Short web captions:
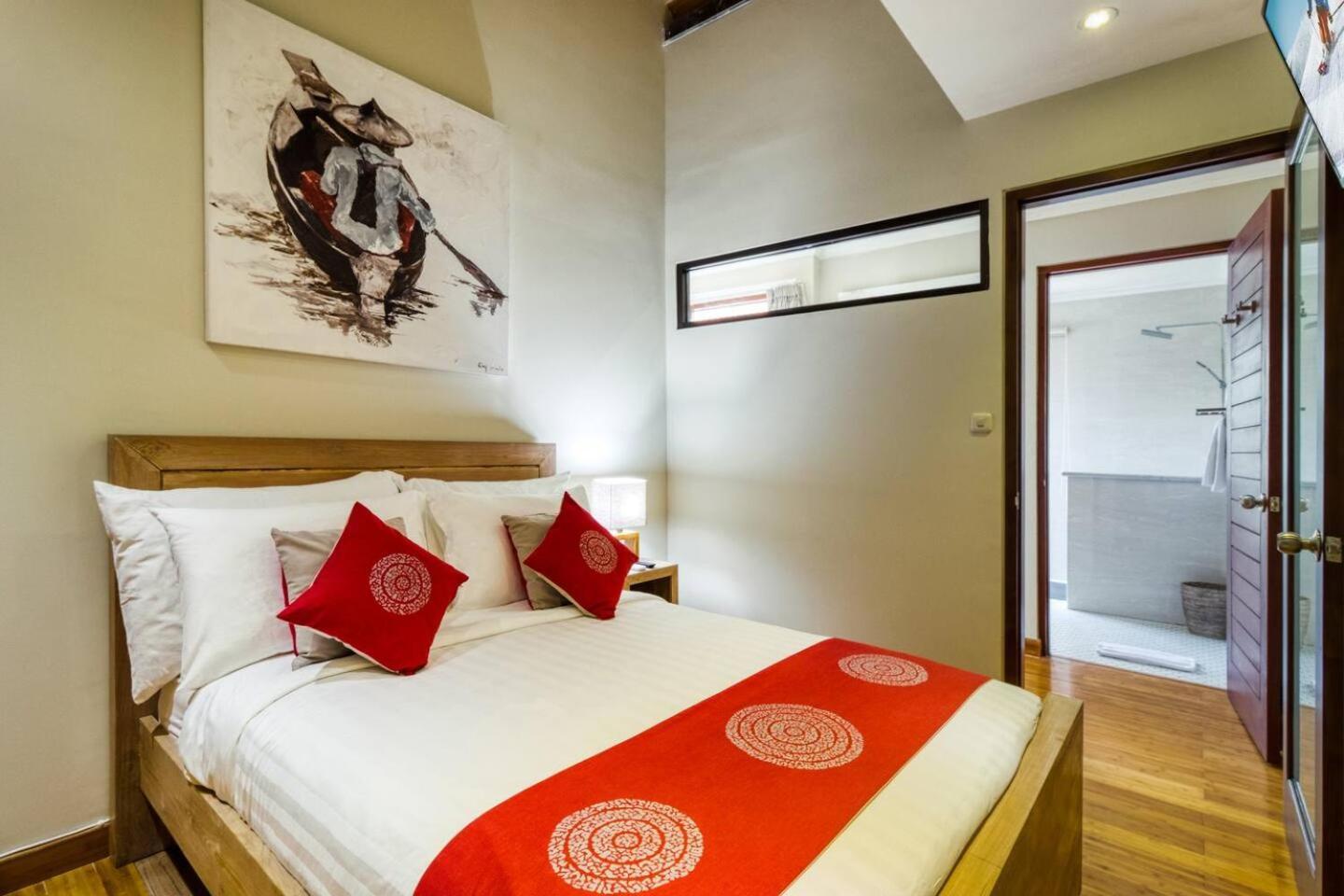 Villa Super 4 Bed, Sleeps 8, Just 300m Walk From *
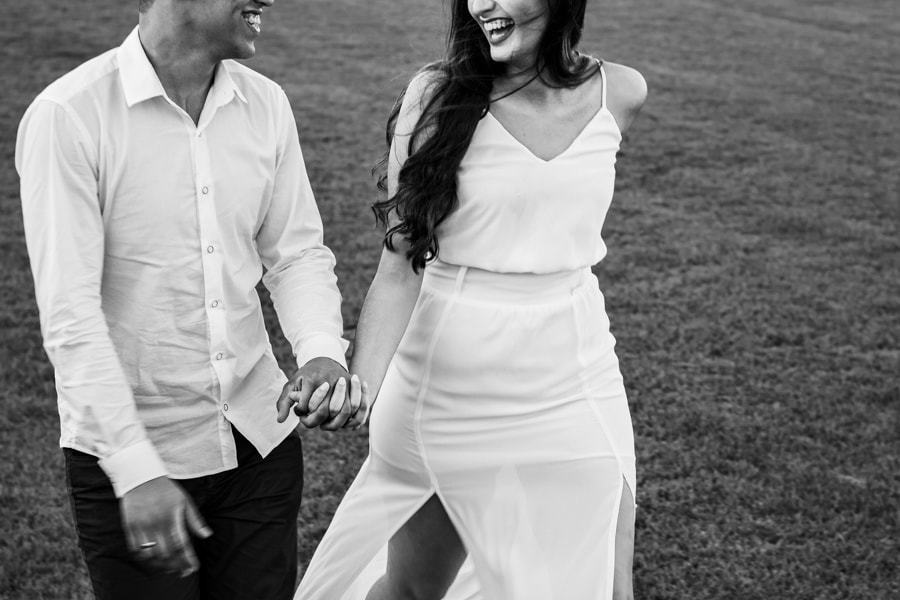 CASAMENTO OU PRE WEDDING REALIZADO EM MARINGA PARANA COM UM CASAL JOVEM A CEU ABERTO NA IMAGEM O CASAL ESTA CORRENDO E SORRINDO UM PARA O OUTRO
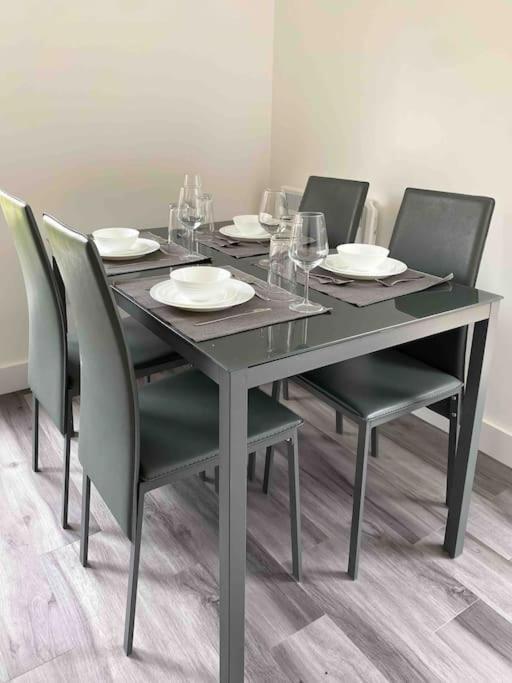 Modern Flat Near Train Station With Free Parking Lejlighed CBG Eksteriør billede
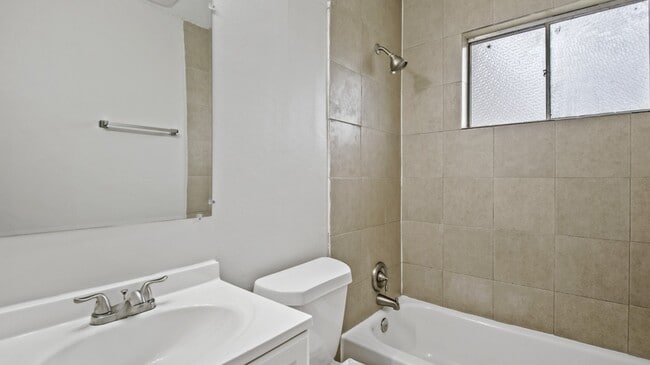 Photo - 612 Marshall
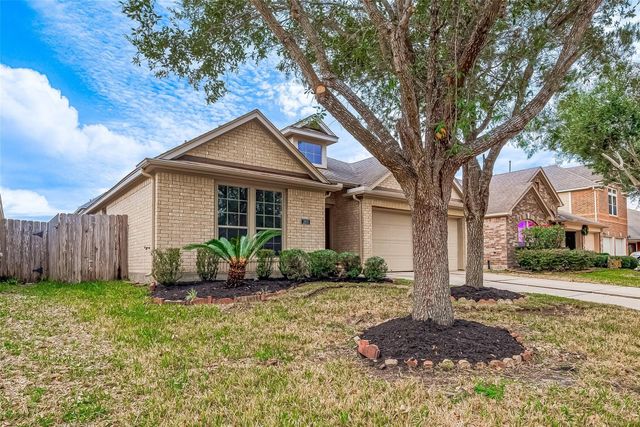 2808 Arbor Brook Lane, Pearland, TX 77584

Task requirements:
Drop the pictures, then write out only the lines running from the one containing "CASAMENTO OU PRE" through the last line above, both included, exactly.

Your solution:
 CASAMENTO OU PRE WEDDING REALIZADO EM MARINGA PARANA COM UM CASAL JOVEM A CEU ABERTO NA IMAGEM O CASAL ESTA CORRENDO E SORRINDO UM PARA O OUTRO
 Modern Flat Near Train Station With Free Parking Lejlighed CBG Eksteriør billede
 Photo - 612 Marshall
 2808 Arbor Brook Lane, Pearland, TX 77584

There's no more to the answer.